=== Supplied records ===

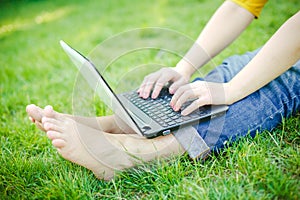 Young hipster girls feet with laptop in a park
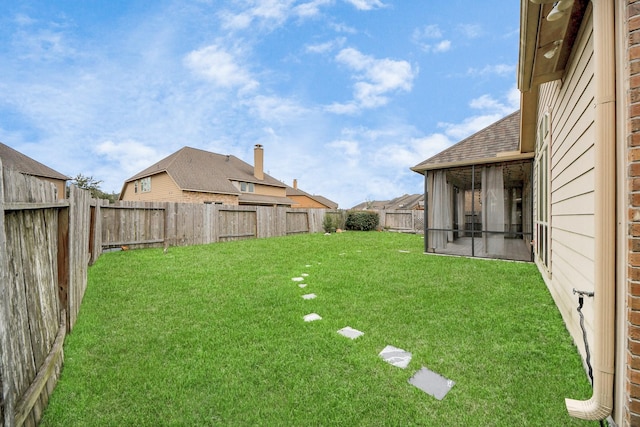 view of yard with a sunroom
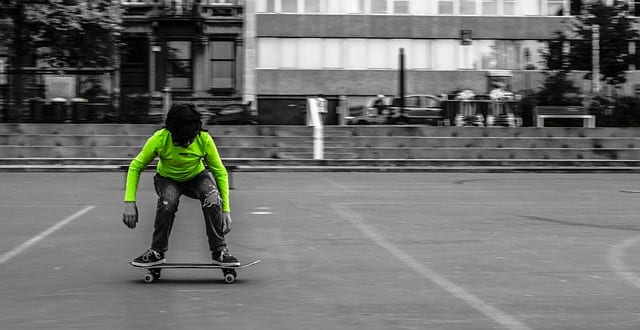 Person in a neon green shirt skateboarding in a grayscale urban setting.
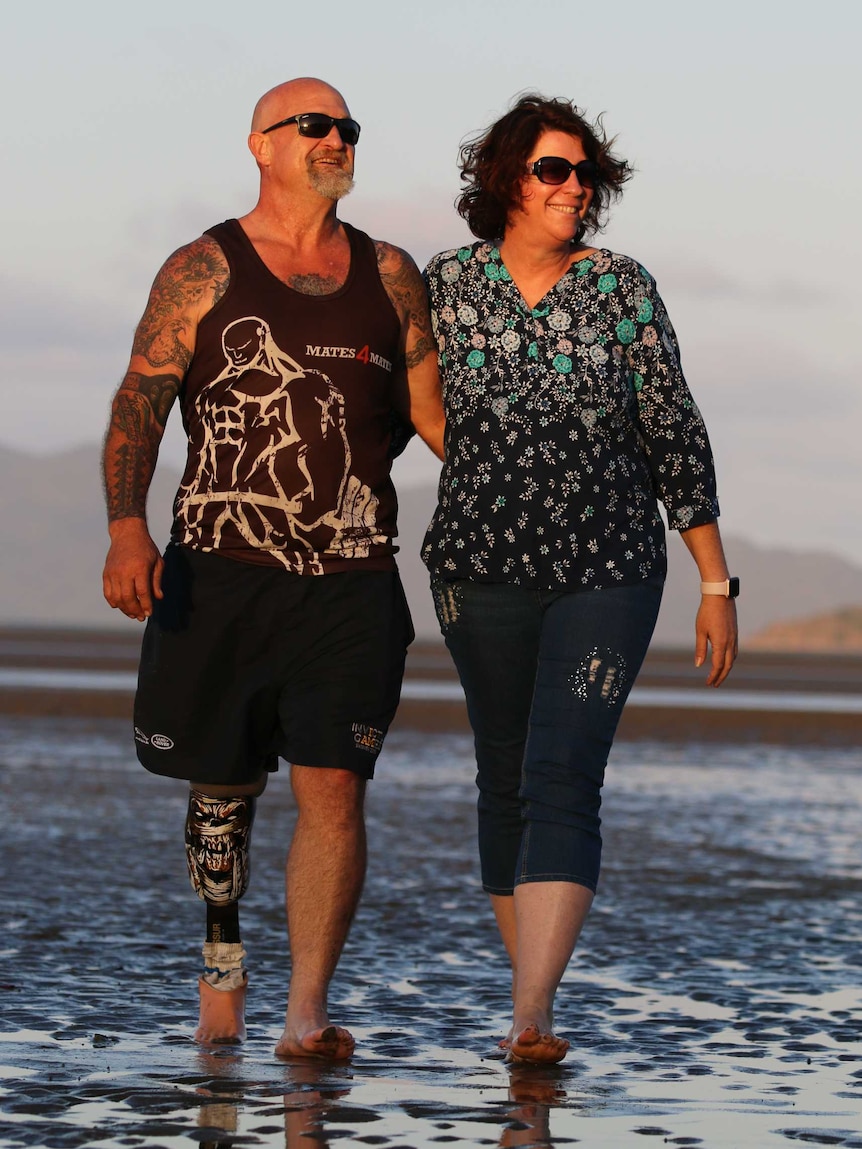 A couple walk on a beach.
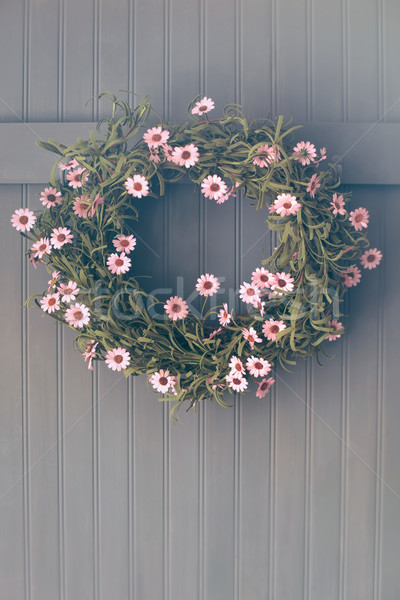 Spring wreath with flowers hanging on hook Stock photo © Sandralise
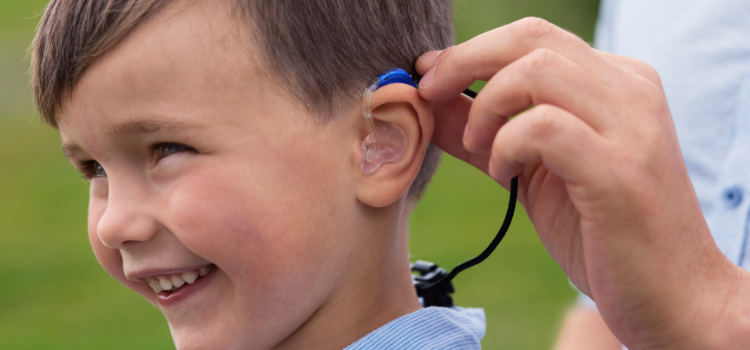 Un enfant souriant reçoit de l'aide pour ajuster son appareil auditif bleu.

===

Restate the entries word for word, though any image they contain should not appear.

 Young hipster girls feet with laptop in a park
 view of yard with a sunroom
 Person in a neon green shirt skateboarding in a grayscale urban setting.
 A couple walk on a beach.
 Spring wreath with flowers hanging on hook Stock photo © Sandralise
 Un enfant souriant reçoit de l'aide pour ajuster son appareil auditif bleu.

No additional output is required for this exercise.